Social Media Marketing – Create Outposts to Drive Inbound Traffic

Inbound Marketing - Social Media Pillar

Inbound Marketing – Social Media Pillar

Social media has evolved into a key marketing channel for small businesses wanting to gain visibility, drive traffic to your website and generate new leads. The next step in your inbound marketing effort is to:

  • Identify which social networking sites will work best for your business, and
  • Create optimized social media outposts to ensure your brand can be found.

Understanding which social networking sites are right for your business and how to take advantage of them to generate leads is usually a challenge for many small businesses. There are too many social networking sites to choose from to cover them all. It is far better to do a great job on a few relevant platforms than spread yourself too thin across too many.

Determine which social networking sites are the best for your business by choosing those that provide the most direct access to your target audience and the most value for your particular business. In addition, your social media marketing strategy includes not only the where you will engage with your audience but also what you will do to provide value on each social network.

The best way to illustrate successful social media marketing is to use a couple of examples:

  • A restaurant may choose a Facebook Page and Twitter as a starting point. The Facebook Page for a local business with a physical address becomes a Facebook Places Page allowing customers to check in and post reviews. The establishment can interact with their customers with fun posts on food, asking questions and getting customers to participate in the discussion. The restaurant may promote daily specials, new entrees or other items of interest to both Facebook fans and Twitter followers. Once Facebook and Twitter gain momentum, the restaurant can now claim its business listing on Yelp, UrbanSpoon, Google Places and other local directories where people may search for restaurants. These sites also make it easy for customers to provide reviews. Finally, once you have a established these outposts, explore adding Gowalla or Foursquare for location based marketing and Groupon or Living Social to offer the occasional deal to attract new clientele.
  • Social media marketing for a service business will be one that focuses on providing useful content to build your expert reputation. The blog is the critical social media hub where you provide original content that is of interest to your target audience. Twitter and LinkedIn accounts plus a Facebook Page will help you build related but different networks where you can share useful information, engage in conversations and follow what is happening in your industry more effectively. Depending on your business, a YouTube channel may be a benefit for adding multimedia content. Unlike the interaction the restaurant is trying to get from their customers, the service business is looking to primarily educate and inform, thereby building trust with their followers. Before you start posting, however, review each platform for the unique needs of each of your audiences.
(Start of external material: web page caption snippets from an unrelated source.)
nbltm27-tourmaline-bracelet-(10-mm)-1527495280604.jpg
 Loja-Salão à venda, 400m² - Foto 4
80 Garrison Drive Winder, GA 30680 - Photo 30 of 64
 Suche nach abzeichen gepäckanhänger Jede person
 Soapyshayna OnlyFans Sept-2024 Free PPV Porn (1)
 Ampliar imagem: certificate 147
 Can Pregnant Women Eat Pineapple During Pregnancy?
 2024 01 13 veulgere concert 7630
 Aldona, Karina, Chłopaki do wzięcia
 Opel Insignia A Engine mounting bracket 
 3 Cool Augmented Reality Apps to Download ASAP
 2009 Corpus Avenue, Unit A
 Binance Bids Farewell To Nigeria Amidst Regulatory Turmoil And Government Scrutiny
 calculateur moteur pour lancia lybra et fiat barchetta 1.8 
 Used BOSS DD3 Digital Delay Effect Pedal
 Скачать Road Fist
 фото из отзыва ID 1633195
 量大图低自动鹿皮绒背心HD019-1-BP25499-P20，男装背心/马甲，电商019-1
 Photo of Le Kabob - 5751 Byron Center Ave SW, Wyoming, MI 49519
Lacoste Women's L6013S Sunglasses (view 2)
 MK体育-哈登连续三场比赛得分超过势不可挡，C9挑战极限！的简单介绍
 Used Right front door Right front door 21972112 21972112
Why create and optimize your social media outposts?

When you create your presence on relevant social networking sites and optimize them for your major keywords, you:

  • Increase your business’s web footprint, helping people find you more easily.
  • Reach more people with your content, increasing your reputation as an expert.
  • Establish a more consistent brand with more visibility, increasing brand recognition.

As part of your inbound marketing strategy, your social media outposts such as Twitter, Facebook, YouTube and LinkedIn create important communities that encourage conversations and build trust for your brand. This makes your content more visible to your target, more readily found through social search and increases your chances of prospects spreading your content further throughout their own social networks.

Which social media outposts will you be using as part of your inbound marketing strategy?